The goal is to minimize the number of colors used.

For example, this is not a valid solution of the 3*4 problem, because the red and blue rectangles have both their 4 corners having the same color:

.. image:: ../../../web/IMAGES/tchess.png

On the contrary, the following coloration is a valid solution of the 3*4 problem because every inner rectangle inside the board does not have a unique color for its corners:

.. image:: ../../../web/IMAGES/fchess.png

CFN basic model
===============

We create n*m variables, one for each square of the board, with domain size equal to n*m representing all the possible colors.
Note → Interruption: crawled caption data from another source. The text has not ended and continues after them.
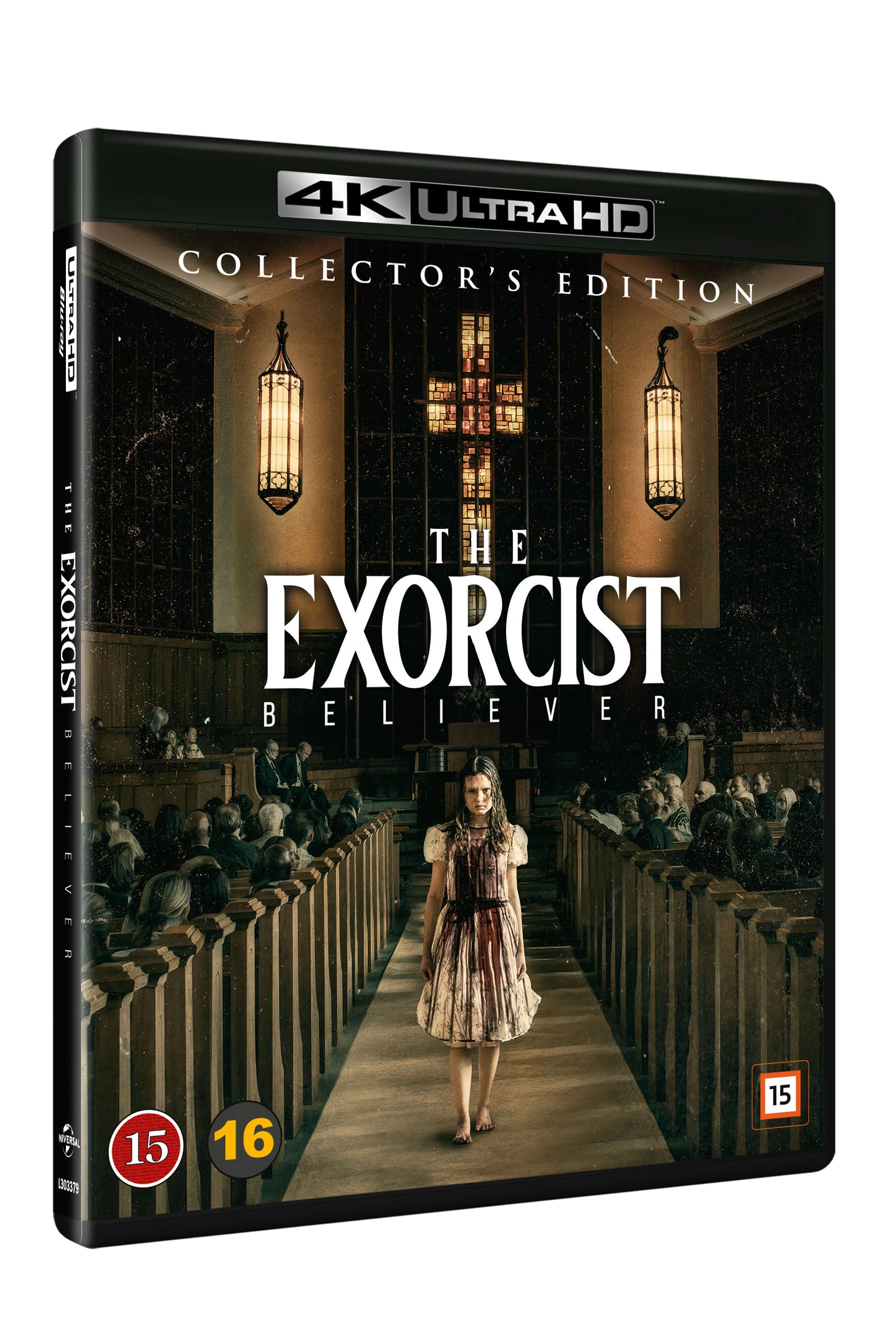 The Exorcist: Believer 1244803 1303379 7333018029040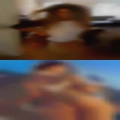 Women who want right
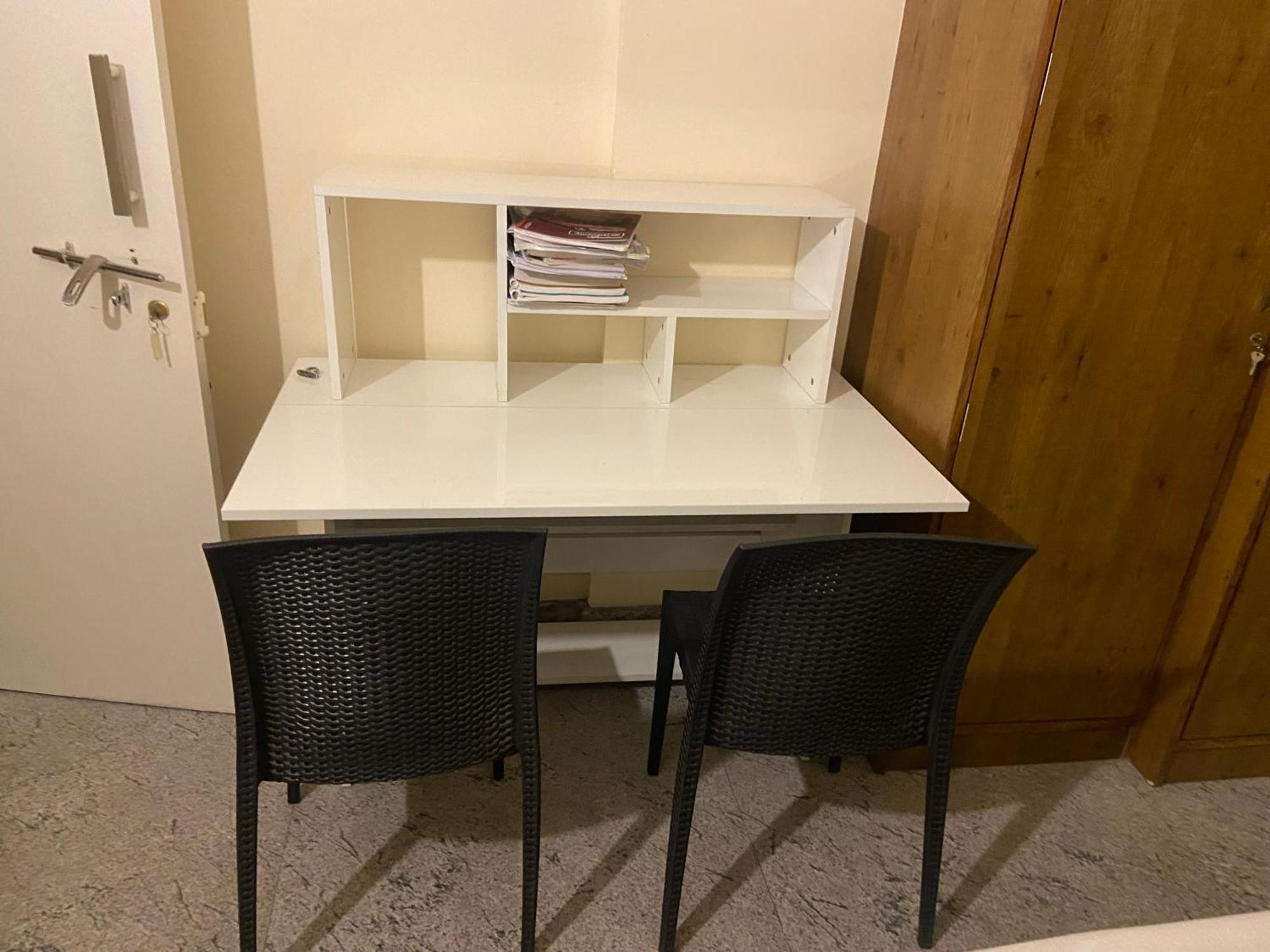 Princess Coliving Pg Bangalore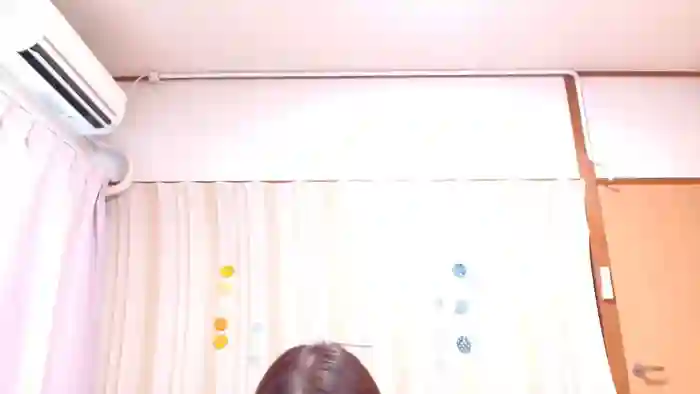 mmSATSUKIyy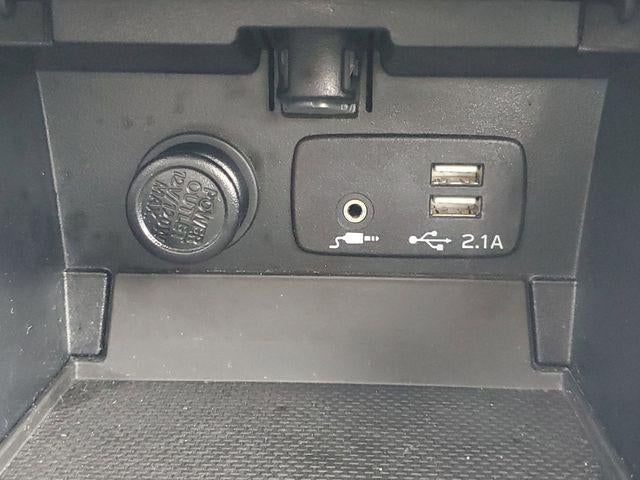 2019 Subaru Legacy 3.6R Limited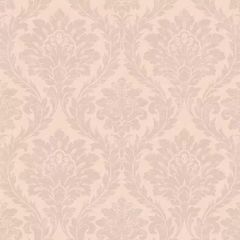 Обои флизелиновые Milassa (Миласса) Status vol 5 10,05х1 м (EST5003)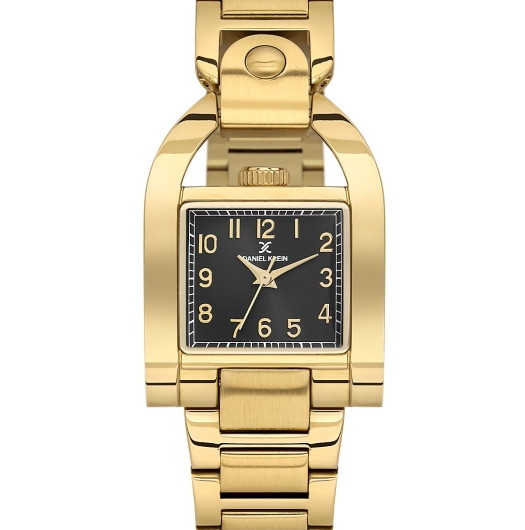 DANİEL KLEİN KADIN KOL SAATİ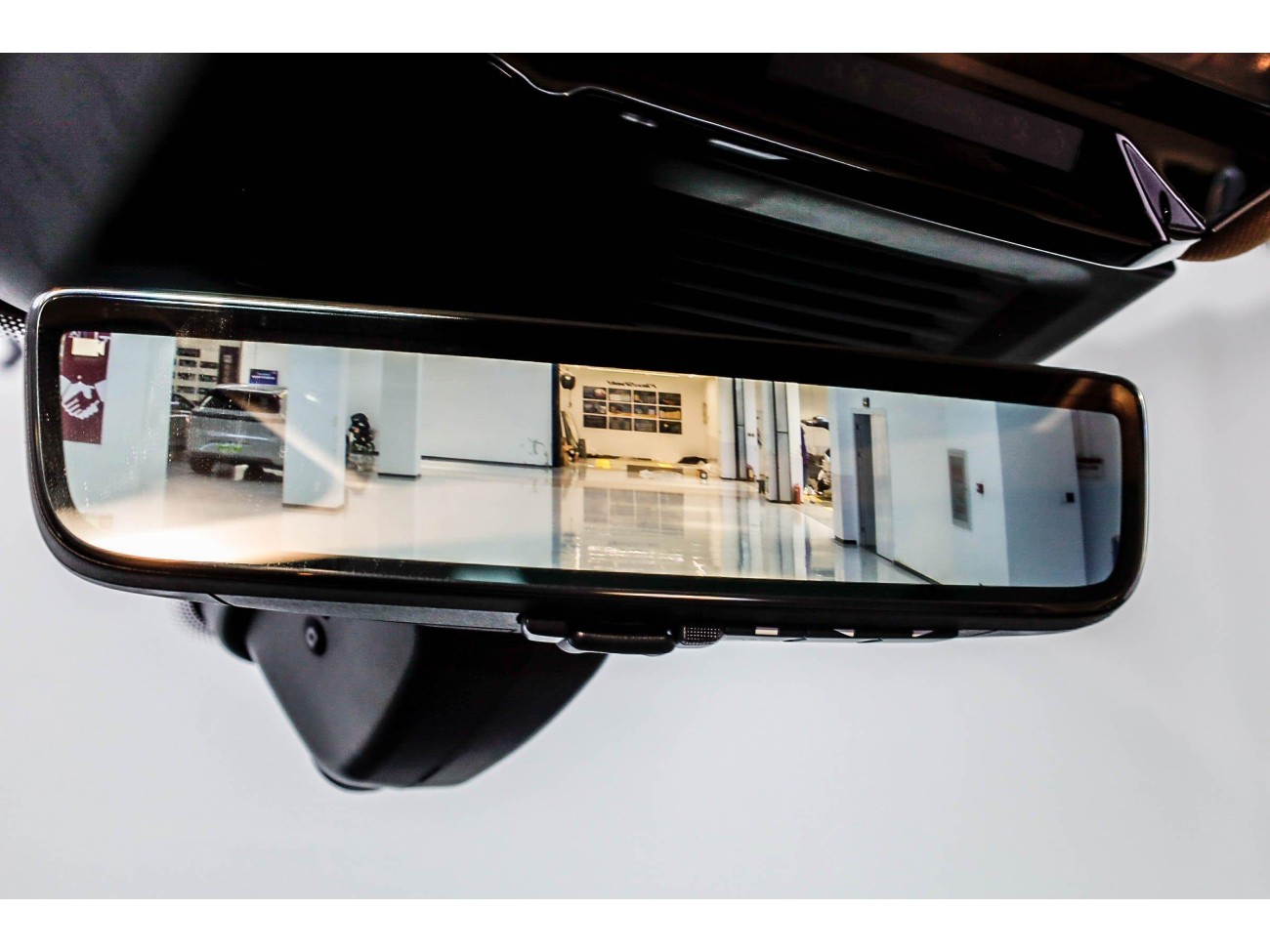 Land Rover Range Rover 2024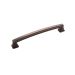 Part Number: P3235-OBH - Oil Rubbed Bronze Highlighted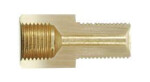 transistor decreasing brake pipe m10x1-3/824unf kucz 13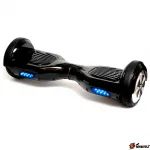 Гироскутер Smart Balance 6.5″ Черный — изображение 2
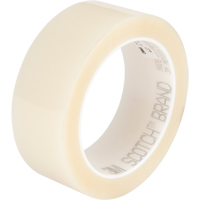 3M 853 Film Tape, Polyester GTA Hardware Inc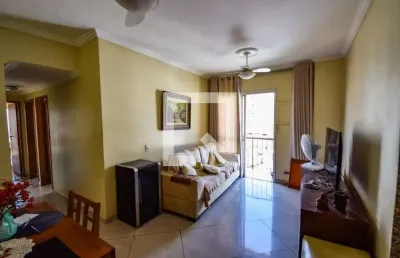 Apartamento para venda - méier, 3 quartos,  78 m² - rio de janeiro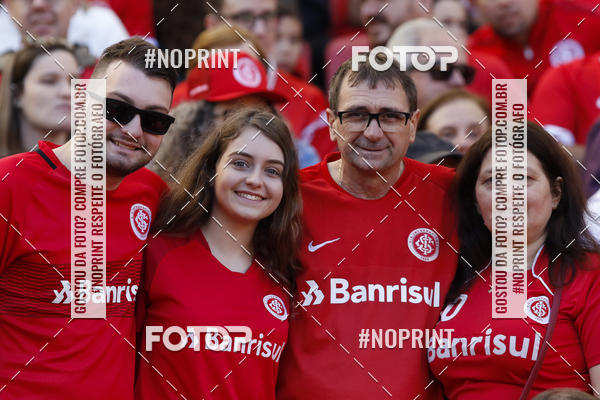 Buy your photos of the eventInter x Corinthians on Fotop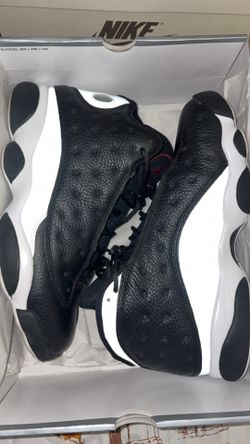 Jordan 13 Retro Reverse He Got Game size 12
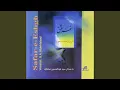 Download Lagu Yar-E-Man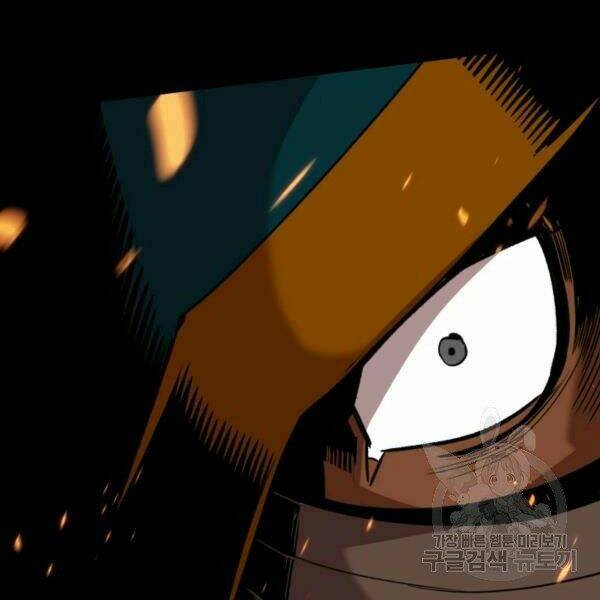 Tôi Là Lính Mới Chapter 82 - Trang 2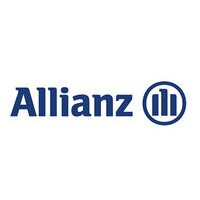 Kundenberater im Vertrieb (m/w/d) Allianz Beratungs- und Vertriebs-AG Berlin 10247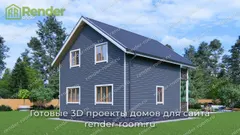 Миниатюра 3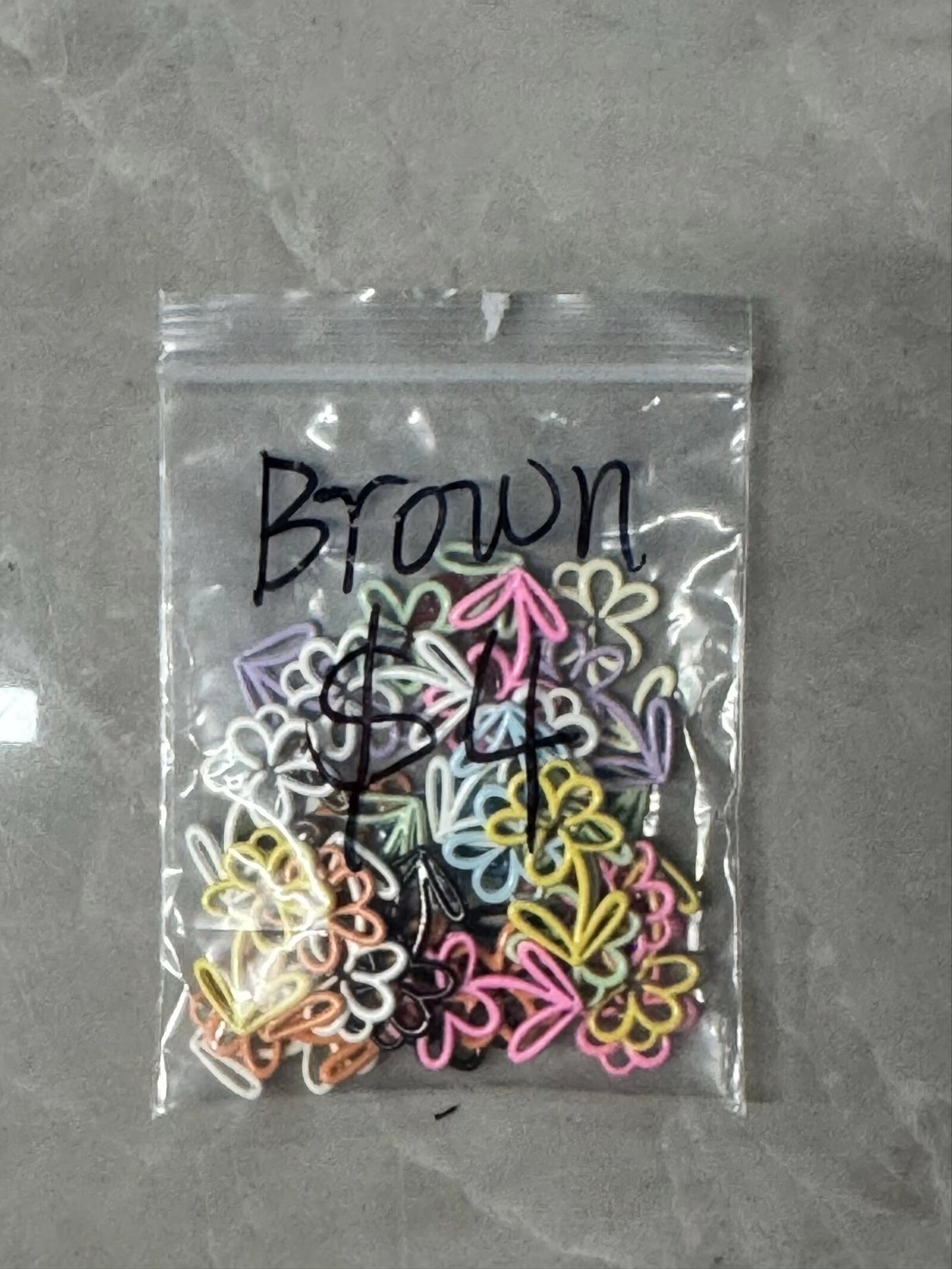 Brown（355dp）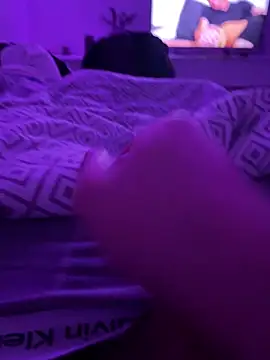 aras  25 online show from 04.04.26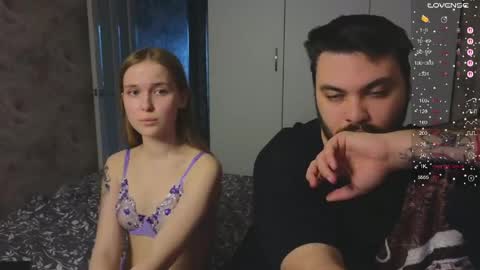 Snapshot of taiti_fox_cub chatting on 17, 5, 2026 taiti_fox_cub online show from 17, 5, 2026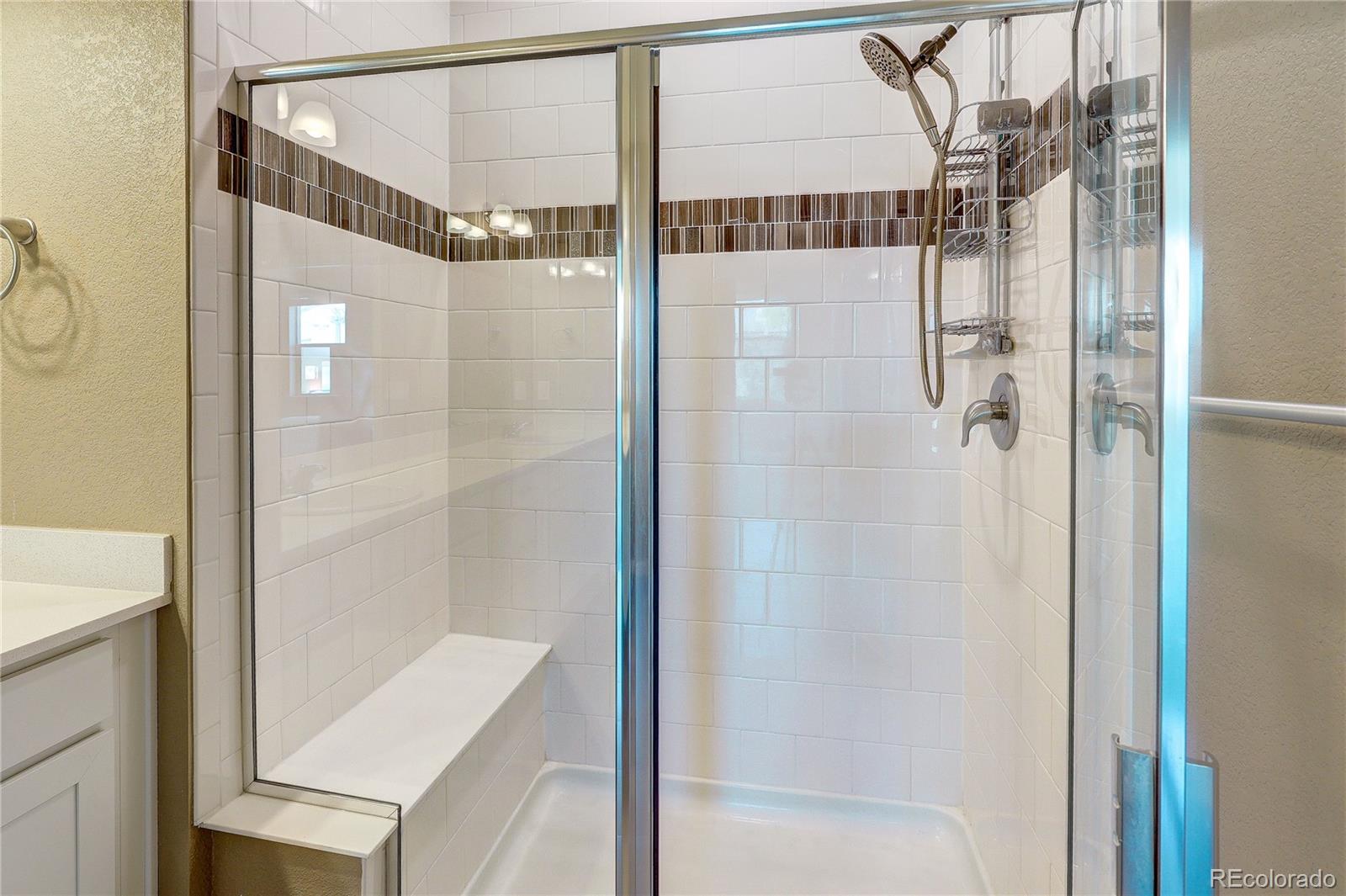 MLS Image #15 for 15619  syracuse way,thornton, Colorado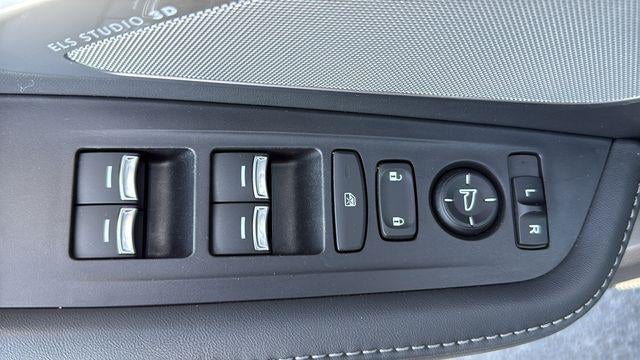 2021 Acura RDX A-SPEC Package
We also create one variable for the number of colors.

We create hard quaternary constraints for every rectangle inside the board with a cost equal to 0 if the 4 variables have different values and a forbidden cost if not.

We then create hard binary constraints between the variable of the number of colors for each cell to fix the variable for the number of colors as an upper bound.

Then we create a soft constraint on the number of colors to minimize it.


Python model
============

The following code using pytoulbar2 library solves the board coloration problem with the first two arguments being the dimensions n and m of the board (e.g. "python3 boardcoloration.py 3 4").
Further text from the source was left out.